From the records below, output exactly the lines running from the line containing "Robyn Darnell headshot" through the line containing "Vw Passat B5", and no others.
-------- DATA --------
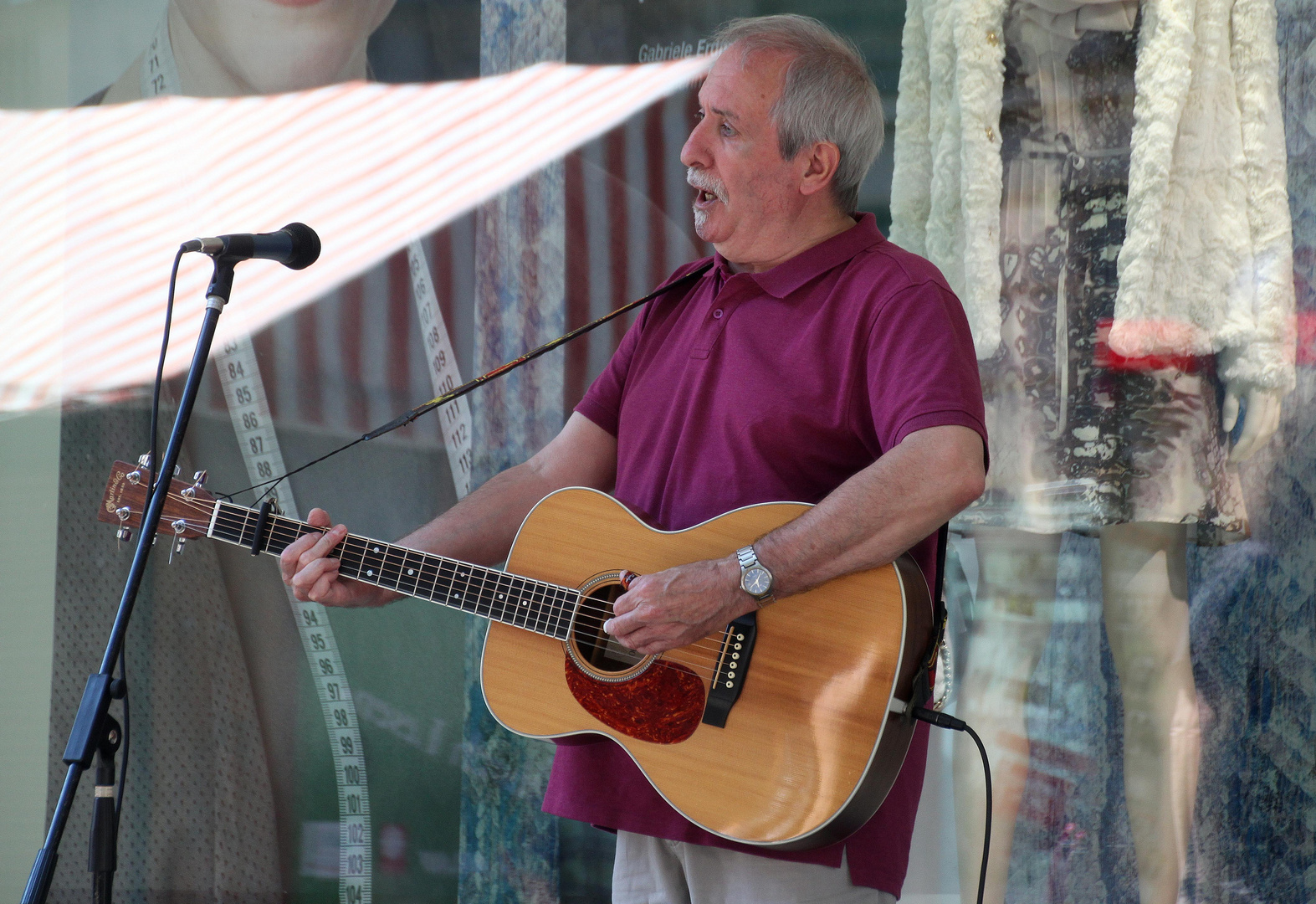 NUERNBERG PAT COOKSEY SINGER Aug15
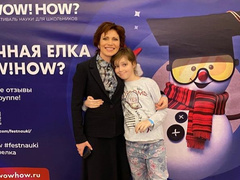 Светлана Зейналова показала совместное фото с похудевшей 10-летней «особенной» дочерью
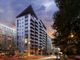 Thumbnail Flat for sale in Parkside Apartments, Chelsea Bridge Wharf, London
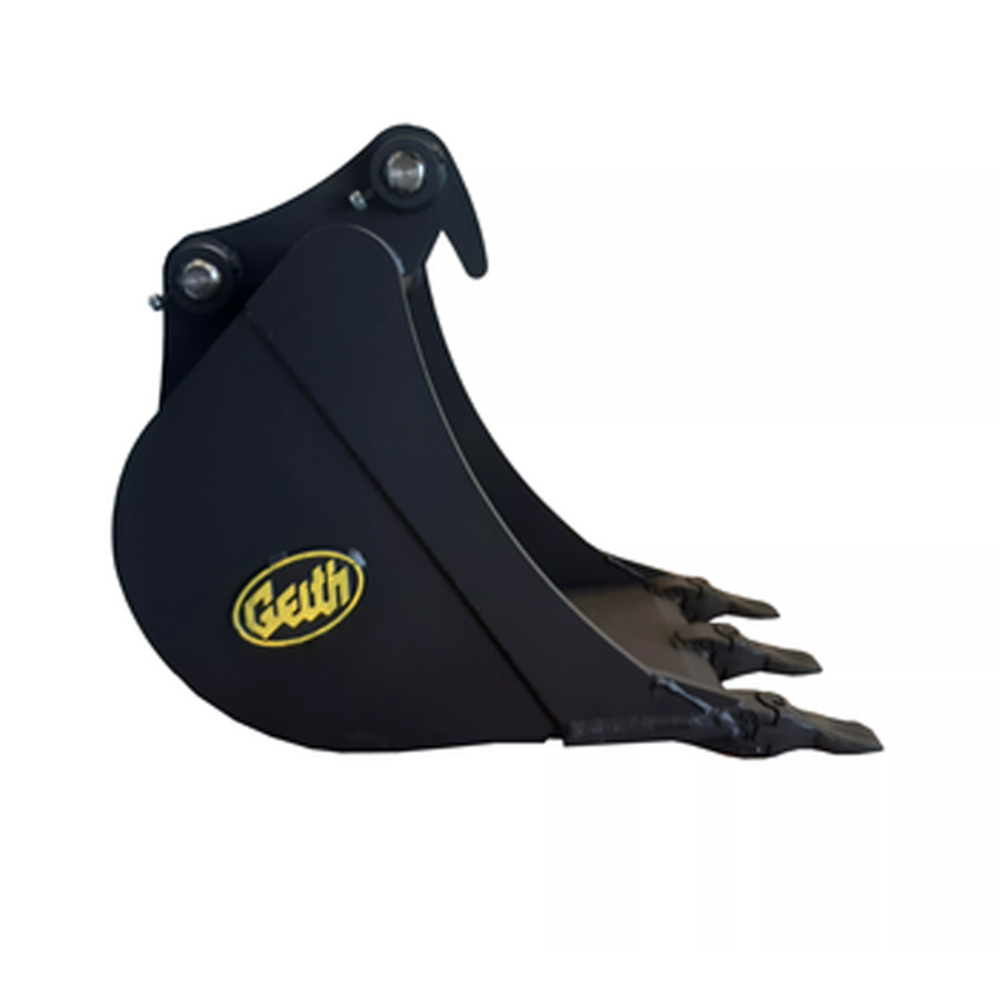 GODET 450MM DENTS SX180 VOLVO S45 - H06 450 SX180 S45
--------
-------- DATA --------
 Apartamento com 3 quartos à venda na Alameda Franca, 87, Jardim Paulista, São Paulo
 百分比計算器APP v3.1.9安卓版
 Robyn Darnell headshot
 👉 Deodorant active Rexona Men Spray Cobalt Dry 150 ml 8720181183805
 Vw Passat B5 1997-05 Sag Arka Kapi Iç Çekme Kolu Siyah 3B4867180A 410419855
--------
YOUR SOLUTION:
 Robyn Darnell headshot
 👉 Deodorant active Rexona Men Spray Cobalt Dry 150 ml 8720181183805
 Vw Passat B5 1997-05 Sag Arka Kapi Iç Çekme Kolu Siyah 3B4867180A 410419855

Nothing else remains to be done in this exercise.